I (also) used the “back door” (the pejorative one) because my experience of myself when seeking forbidden information (often the most-accurate and most-valuable) is that I simply make a bee-line for what is marked “bad.” Such tendencies on the part of truth-seeking Germans has led Germany’s censorious government to make the entries in its own index librorum prohibitorum a state secret. I wanted all our nasty stuff to be right where the people interested in it could find it. Early last century, the US Congress ordained that foreign-made products must be marked with their country of origin, little supposing that wise consumers eventually would look for “Made in Japan” as a seal of quality to be favored over inferior, more-expensive domestic product whenever possible.

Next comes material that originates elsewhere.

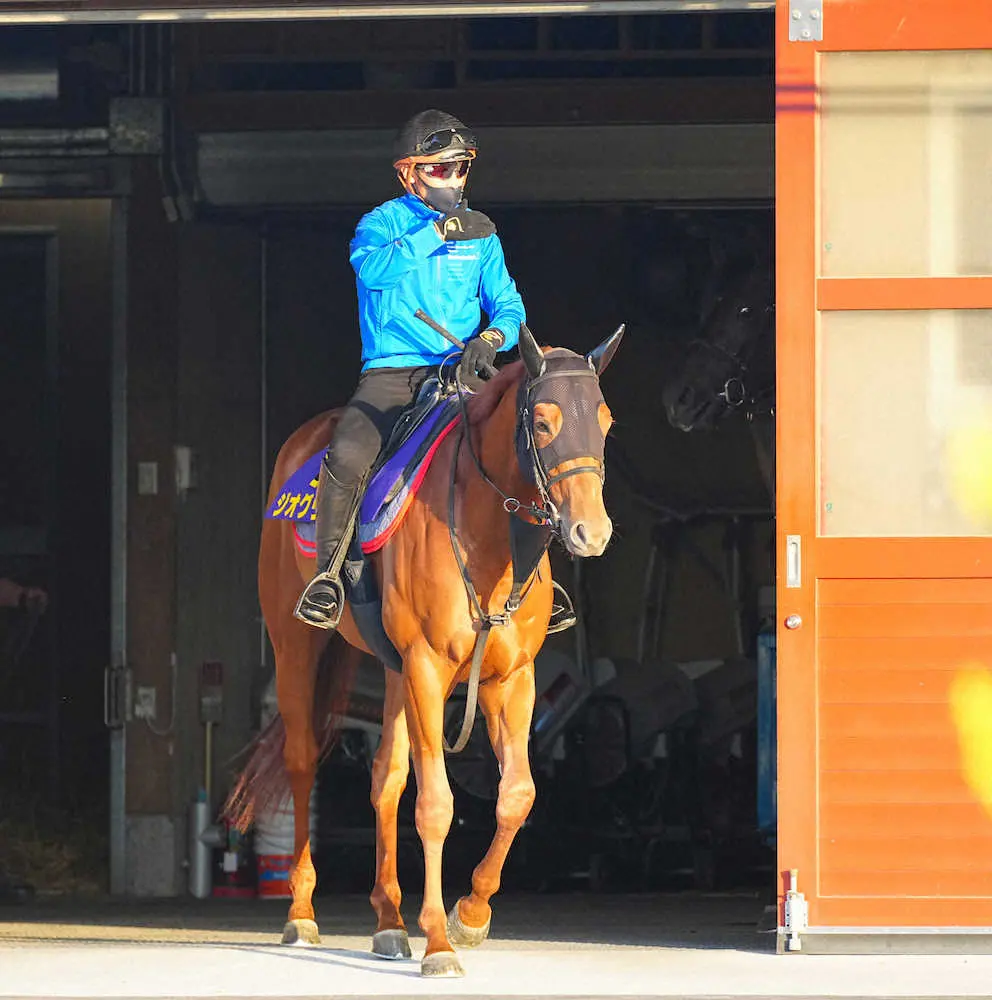 【日本ダービー】2冠狙うジオグリフは7枠15番　太田助手「何とか馬がゲート内で我慢してくれれば」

I made our opponents’ prejudicial classification scheme hoist by its own petard, so to speak.
But, paranoiac that I am (aren’t all we revisionists?) I detected the fingerprints of our opponents on the peculiar structure I encountered in the Library of Congress’s classification scheme, and a recent article from the Intellectual Freedom Blog of the Office of Intellectual Freedom of the American Library Association provided me a chain of links and citations that yielded me the particulars of the plot to configure the LOC’s classification scheme to the detriment (or so they hoped) of our own canon’s accessibility.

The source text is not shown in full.